Stephan Tual, CCO of Ethereum project, penned this helpful article outlining some of the possibilities of the new technology. I recommend you read it.
In my own words, Ethereum can do to lawyers what Bitcoin is doing to bankers. Which is to say, Bitcoin exposes the inefficiency and inequality of a centralised banking system issuing debt money for profit. Central banks have responded with a coordinated public drubbing, and by erecting legal and financial barriers to Bitcoins free movement, thus preventing it from being either a currency or a tool for libertarians.

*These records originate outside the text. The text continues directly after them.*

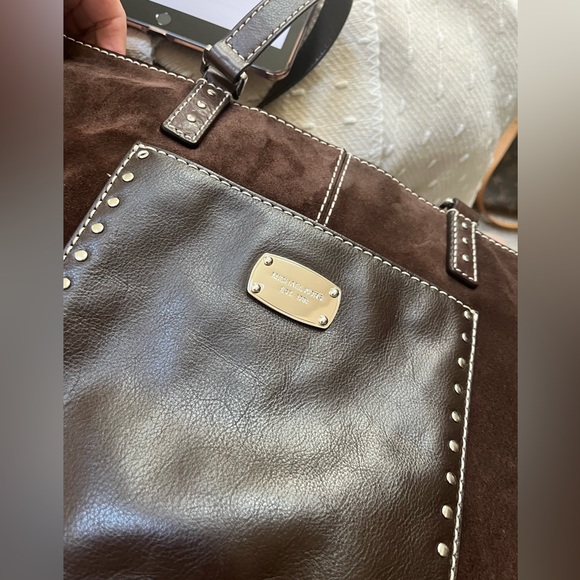 Michael Kors Suede Tote Laptop bag - Picture 2 of 12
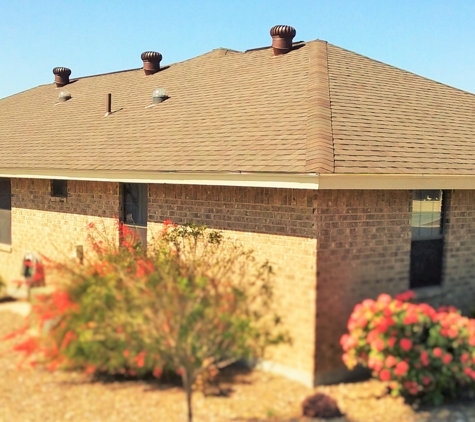 E&F Roofing - Palmhurst, TX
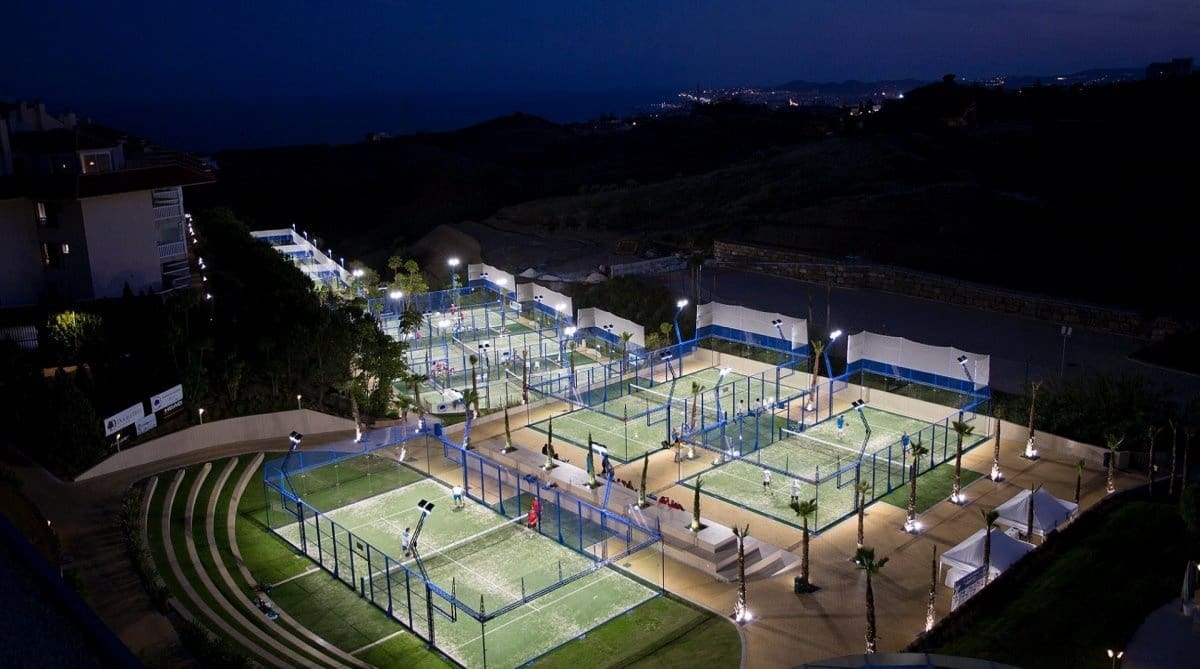 2 quarto Apartamento para venda em Fuengirola com piscina garagem - 699 000 € (Ref: 9756445)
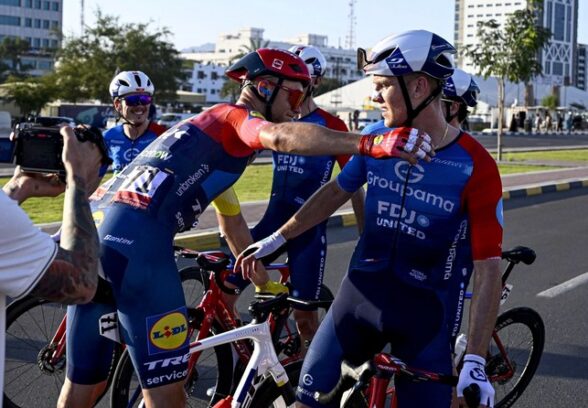 Ciclismo, festa in casa Milan all’Uae Tour: Jonathan vince, Matteo è terzo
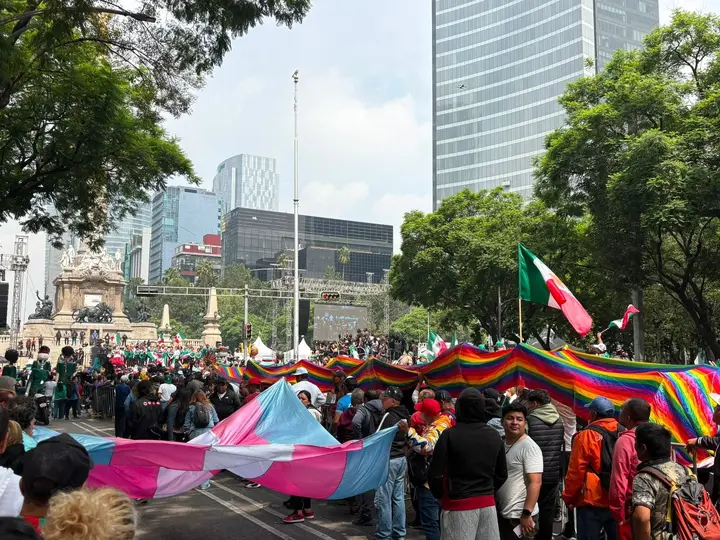 Desde el Ángel de la Independencias hasta la Zona del Caballito legaba la gente para realizar la ola / Redes Sociales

Meanwhile the same libertarian dream persists but with Ethereum as its new subject. You don't have to be Ray Kurzweil to predict efficiency gains for a society managed with transparent blockchain technologies. But as the Bitcoin dream becomes buried in legislation, we should be asking deeper questions about went wrong, whether it is salvageable, and how Ethereum might be similarly vulnerable.
What went wrong?
Bitcoin has met a similar fate to e-gold, because it was a similar design. We cannot disintermediate the banking system and stay alive and out of jail. What went wrong was that Bitcoin as a currency was practically designed to create wild speculation, and it was the spectacular gains which made Bitcoin such a sensation in the first place. The libertarian potential then seemed so much larger, but making money from speculation is, and remains always more appealing than going to jail. Taking on a global cartel to win economic freedom requires courage and sacrifice, not merely an internet protocol and a lot clever developers
Is Bitcoin salvageable?
A lot of people are still building out the infrastructure, but I'm not sure what they intend, now that Bitcoin isn't a currency. Perhaps they plan to operate from BTC friendly countries? When people are ready for liberty, they will use whatever tools are at hand. Bitcoin is still at hand.

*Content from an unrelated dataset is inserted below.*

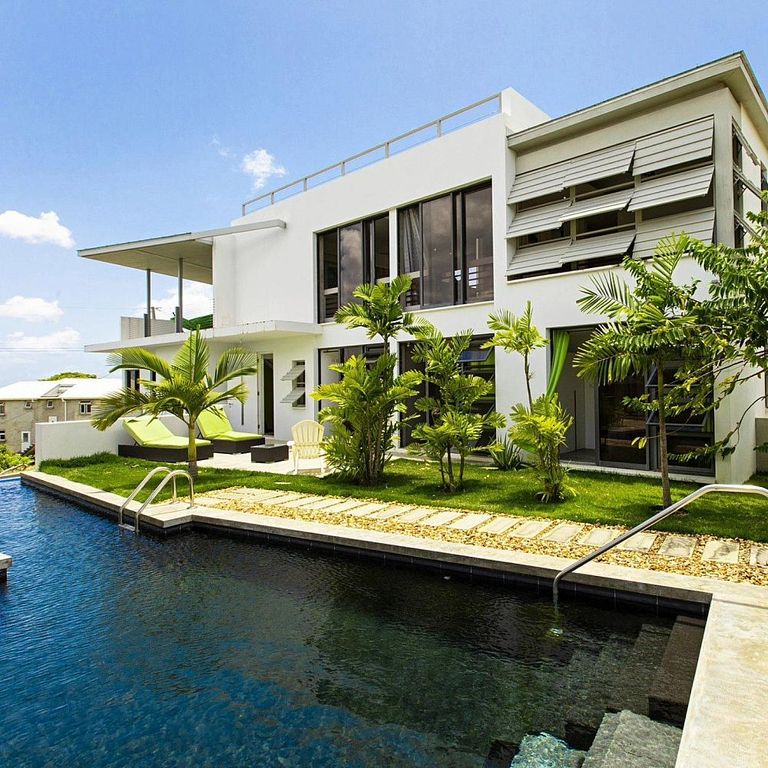 Property photo 1 of 28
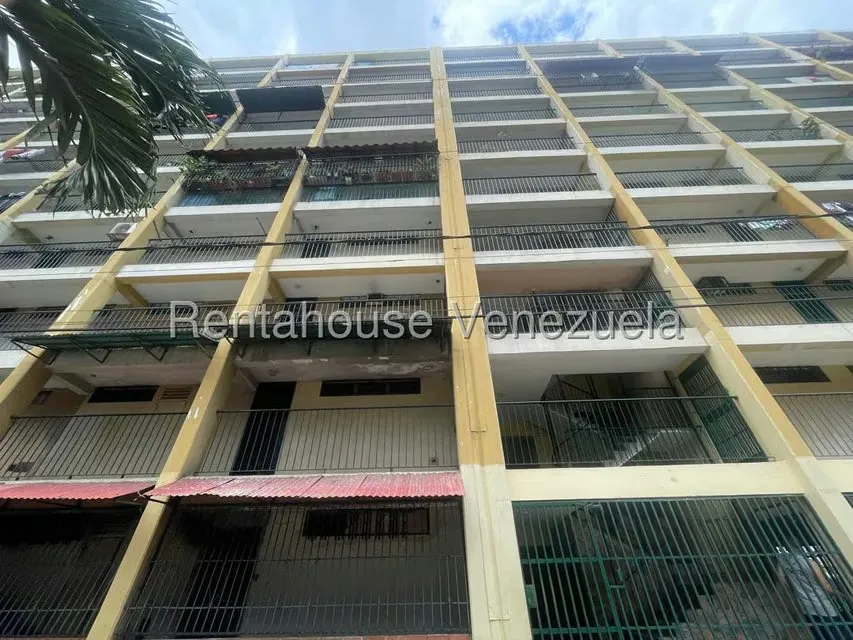Apartamento (1 Nivel) en Venta en Avenida Libertador, Lara - 38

How is Ethereum similarly vulnerable?
We can hope that Ethereum's internal currency, Ether, won't be subject to the same speculation that Bitcoin was. And Ethereum itself cannot really be regulated. Ideally the world's governments would say - "at last! a chance to be properly transparent and accountable to the People" But more likely Ethereum contracts will have to carve out their own niche in common law in order to have any legal validity at all. One day someone will be unhappy with a smart contract and will take it to the national court. The court will rule that Ethereum contracts are subject to national laws, and amount to nothing more than a private agreement. The libertarian dream will die right there, and ethereum will be relegated to a transparent accounting platform for social businesses and NGOs. Most of the efficiency gains will go, as always, to the 0.01% and life will carry on as usual.
Humanity faces a number of challenges, namely rent-seekers, interest on money, obligatory taxes, warmongering governments, snooping security services and catastrophic climate change. Therefore I call on Stephan and all the Ethereals to outline whether and how Ethereum might help us, the people, to address these pressing challenges.